We saw the same performance for Micheal's Mineoro FG-80 which made no indication of large targets that he could detect with metal detectors.
Morgan also reports the same for Mineoro... that it fails to detect gold which he buried from the distances which Mineoro says it will detect.
This kind of failure to detect buried targets is something we will not see in a simple demonstration video unless there is a test garden with long time buried metals in known locations like Morgan has.
If a long range detecting machine does not detect a 1 kg ancient gold plate buried 15cm, then the treasure hunter will not stop to check with a metal detector.
The treasure hunter will continue to walk past the treasure and look other places.
We will never be able to count how many times this happens or does not happen from a simple demonstration video.

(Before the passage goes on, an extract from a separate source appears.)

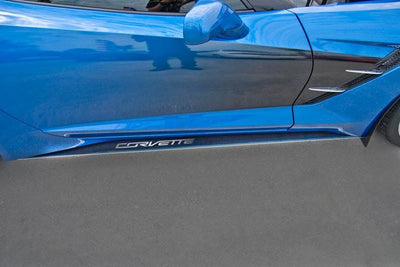 2014-2019 C7 Stingray/Z51 Corvette - Side Skirts - 22 Gauge Stainless Steel With Carbon Fiber Overlay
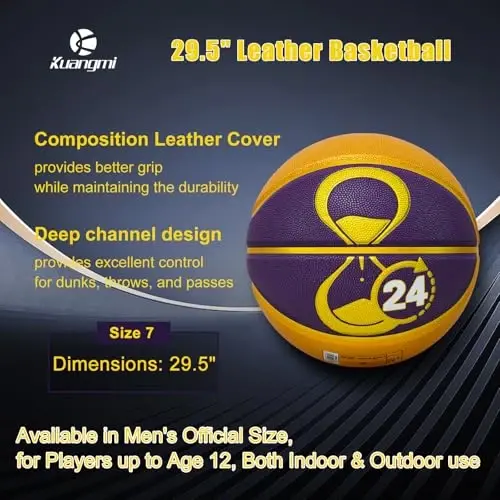 Kuangmi Liberty Court Collection Basketball, Official Size 7(29.5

But we can count how many times we dig empty holes, and holes that do not contain gold, silver or copper.
The problem is that most people do not keep any record of the holes which are empty.
And they do not count the holes with metal that is not gold, silver or copper unless these holes contain something they want to keep for an interesting recovery.
They do not count how many holes they dig to find aluminum foil or bottle caps or old nails.
This is the reason why we never hear any scientific data to tell what kind of percentage of success they find with their locators in a demonstration video.
And this is also the reason why we do not call these demonstration videos to be randomized scientific tests.
We call them the true name as a demonstration video which shows what the person who makes the video wants to show.
We know these are not scientific tests which give reliable proof of anything except to prove that a video camera was running during the demonstration.
These are simply demonstration videos which show what can be seen at the time and place where the video camera lens was recording.